Ocular abnormalities in a patient with congenital disorder of glycosylation type Ig
Published in Ophthalmic Genetics, 2019
Hamed Esfandiari, Marilyn B. Mets, Katherine H. Kim, Sudhi P. Kurup
A 23-month-old male first presented to our institution with concerns of failure to thrive, intrauterine and postnatal growth retardation, and developmental delays. The patient was born at term in Pakistan to parents who are first cousins. Family history was significant for a female paternal first cousin who died in infancy, a male paternal first cousin who was born prematurely and had visual impairment, and a paternal great uncle who was born prematurely and died in infancy. Pregnancy was notable for reportedly decreased fetal movements in the third trimester and oligohydramnios that required prenatal treatment and emergency Cesarean section. Neurologic evaluation at presentation noted severe global developmental delays and spastic quadriparesis. Initial eye exam was only revealing of dysmorphic facies with deep-set eyes, intermittent exotropia, and mild myopic astigmatism. Magnetic resonance imaging (MRI) of the brain showed simplified gyral pattern with moderately diminished white matter volume, paucity of tertiary sulcation, and microcephaly.
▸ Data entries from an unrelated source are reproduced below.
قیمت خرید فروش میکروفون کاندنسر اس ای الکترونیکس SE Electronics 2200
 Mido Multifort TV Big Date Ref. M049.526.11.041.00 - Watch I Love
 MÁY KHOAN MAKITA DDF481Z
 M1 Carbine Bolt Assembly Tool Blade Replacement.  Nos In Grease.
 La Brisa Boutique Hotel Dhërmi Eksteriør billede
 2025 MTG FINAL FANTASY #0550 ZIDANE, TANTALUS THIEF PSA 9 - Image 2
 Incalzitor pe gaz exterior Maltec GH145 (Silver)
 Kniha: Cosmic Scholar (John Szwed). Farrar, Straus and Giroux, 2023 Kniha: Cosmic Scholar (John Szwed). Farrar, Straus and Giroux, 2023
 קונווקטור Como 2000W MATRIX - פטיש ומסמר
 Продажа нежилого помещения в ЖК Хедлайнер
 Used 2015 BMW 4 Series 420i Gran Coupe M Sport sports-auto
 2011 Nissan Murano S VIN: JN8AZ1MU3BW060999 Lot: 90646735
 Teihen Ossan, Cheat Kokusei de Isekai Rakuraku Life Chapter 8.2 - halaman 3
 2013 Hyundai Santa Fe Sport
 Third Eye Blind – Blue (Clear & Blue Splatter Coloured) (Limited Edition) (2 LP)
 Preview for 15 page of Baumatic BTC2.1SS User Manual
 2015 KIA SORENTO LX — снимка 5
Genetics evaluation revealed elevation of monoglycosylated transferrin with normal N- and O-glycan profiles on multiple carbohydrate-deficient transferrin (CDT) assays, consistent with CDG type I. Urine organic acids demonstrated elevated 4-hydroxybutyric acid lactone, which was suggestive of succinic semialdehyde dehydrogenase deficiency (SSADH); however, ALDH5A1 analysis was negative. Ultimately, whole exome sequencing (WES) of our patient identified a homozygous, likely pathogenic, variant (p.Cys188Tyr/c.563G>A) in ALG12, which is consistent with autosomal recessive CDG type Ig. Both parents were confirmed to be heterozygous for this variant. WES also revealed an additional variant of unknown significance (m.10845C>T/p.Thr29Ile) in the mitochondrial MT-ND4 gene at 100% homoplasmy. The patient’s mother had the same mitochondrial variant at 100% homoplasmy but no signs or symptoms of mitochondrial disease. The importance of this variant is unknown since it alters a position in an amino acid that is not highly conserved.